• **WORK INSTRUCTIONS**: Leaving out each picture, transcribe the lines of the listing below exactly from the first through the line that contains "miss_hornydoll online show".

• **DATA LISTING**:
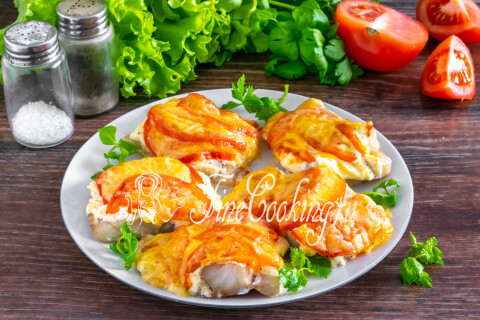 Филе минтая с помидорами и сыром, поданное с картофельным пюре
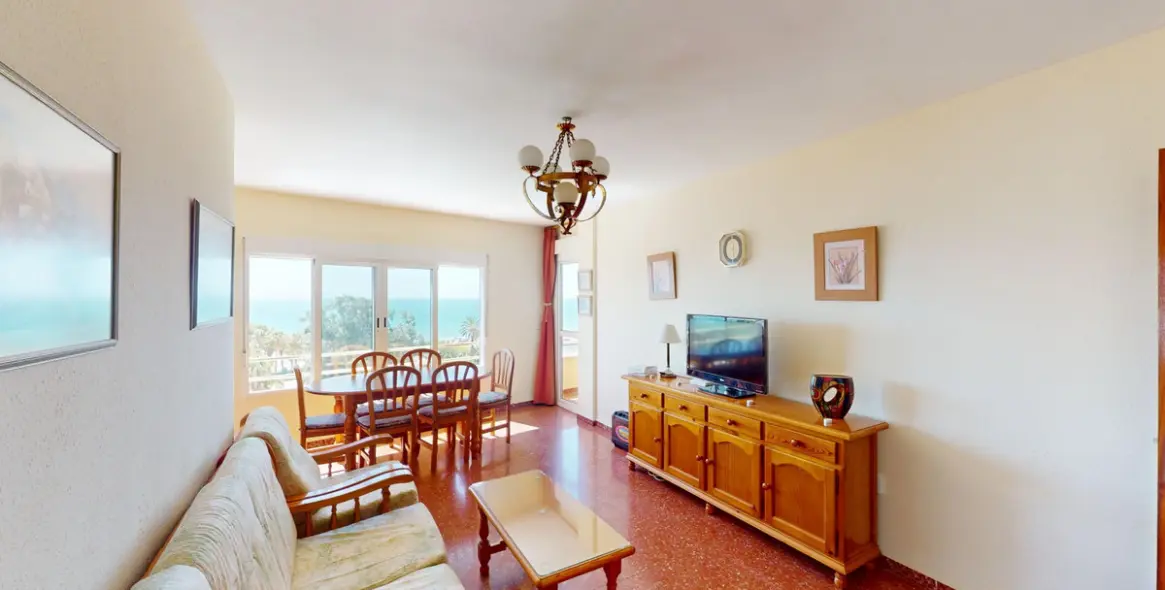 Sale of middle floor apartment in Torre del Mar 22
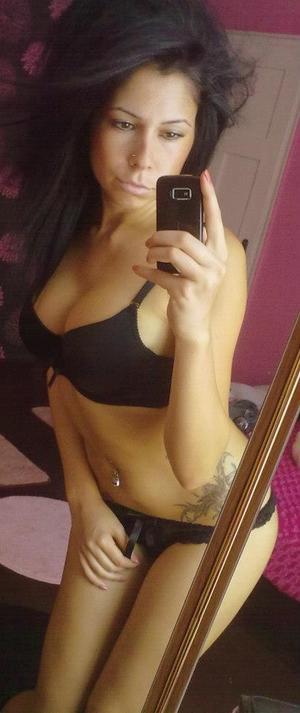 Renae from Maine is looking for adult webcam chat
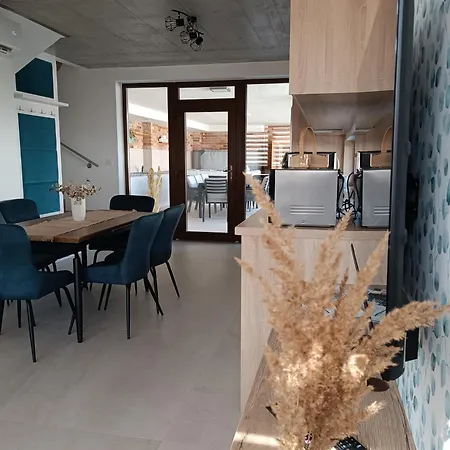 Nagy-zatonyi Vendeghaz Tatil Evi *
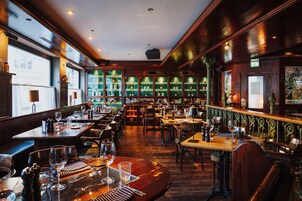 2 restaurantes, cocina local e internacional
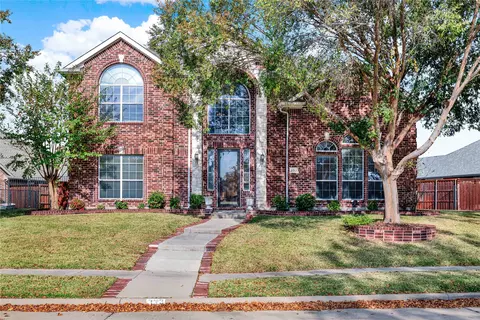 333 Green Acres Dr, Murphy, TX 75094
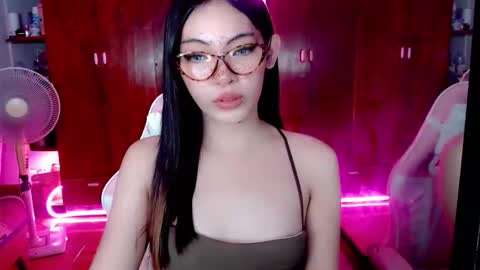 miss_hornydoll online show from October 19, 3:37 pm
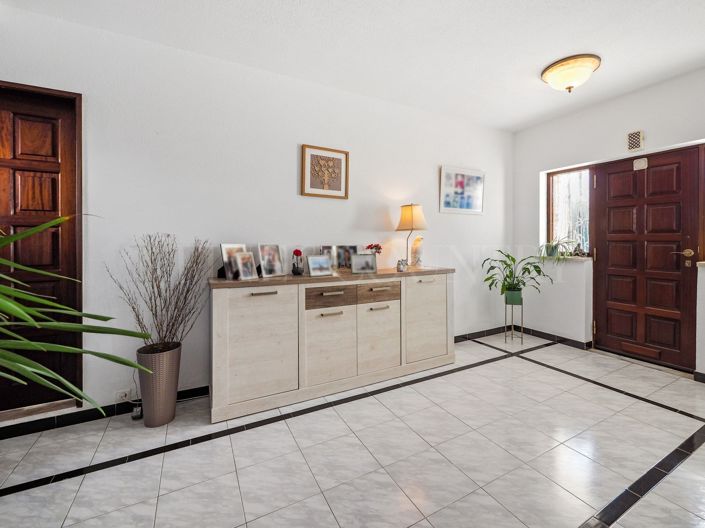 Image No.4-5 Bed Property for sale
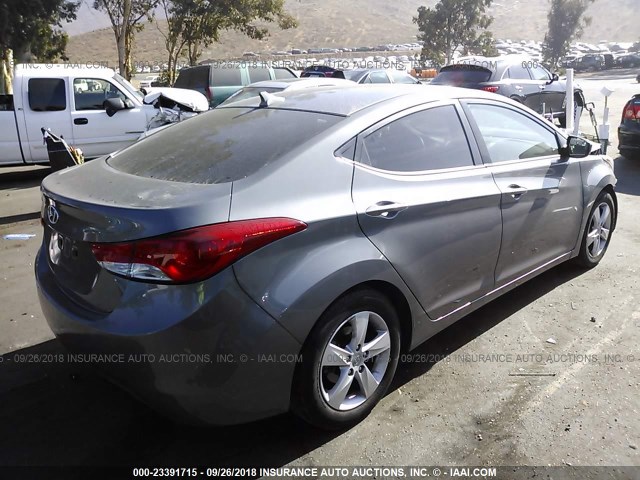 5NPDH4AE6DH230078 - 2013 HYUNDAI ELANTRA GLS/LIMITED GRAY photo 4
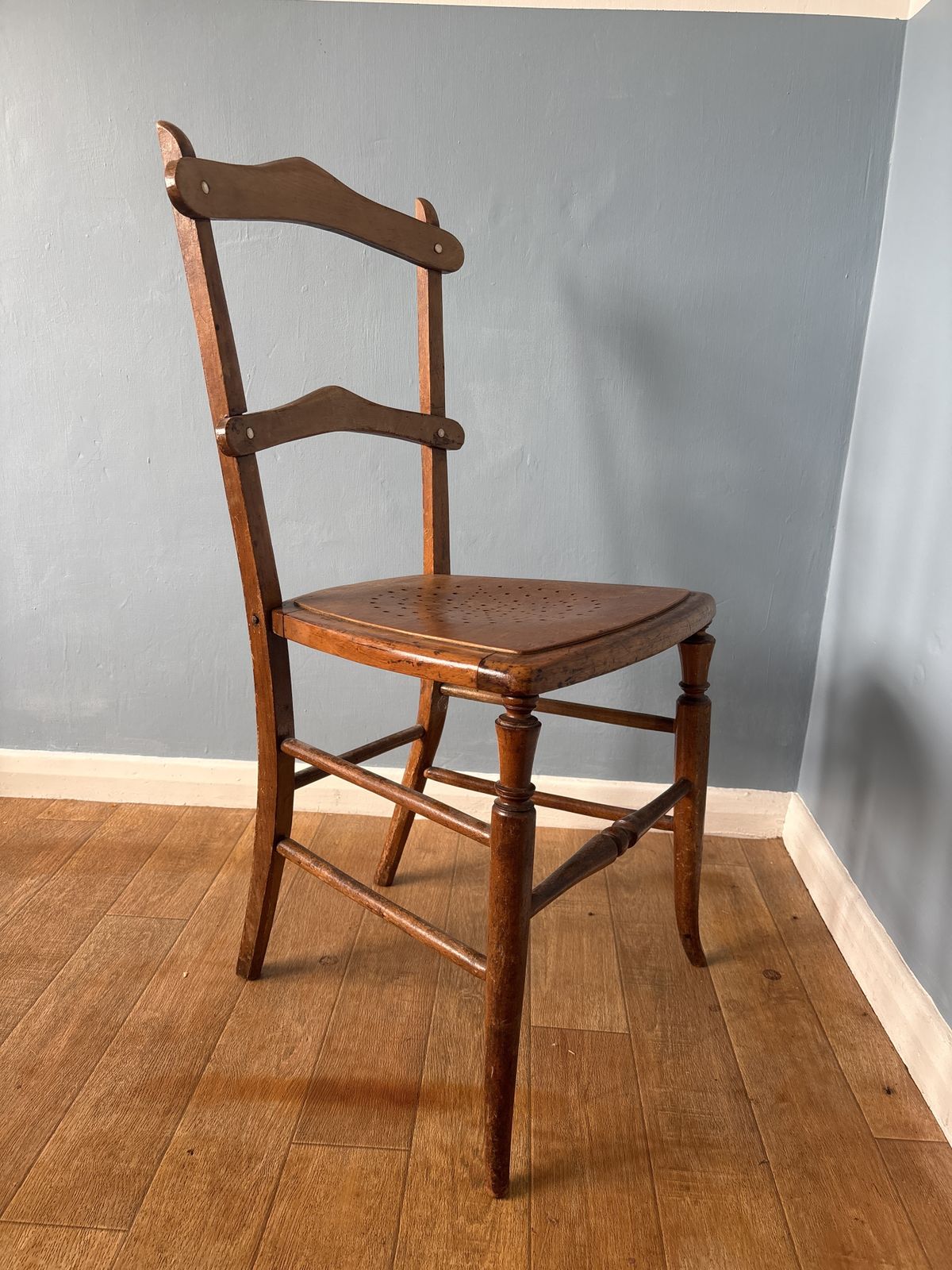 photo furniture Luterma Estonia Antique Punched Seat Wooden Dining Chair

• **FINISHED EXERCISE**:
 Филе минтая с помидорами и сыром, поданное с картофельным пюре
 Sale of middle floor apartment in Torre del Mar 22
 Renae from Maine is looking for adult webcam chat
 Nagy-zatonyi Vendeghaz Tatil Evi *
 2 restaurantes, cocina local e internacional
 333 Green Acres Dr, Murphy, TX 75094
 miss_hornydoll online show from October 19, 3:37 pm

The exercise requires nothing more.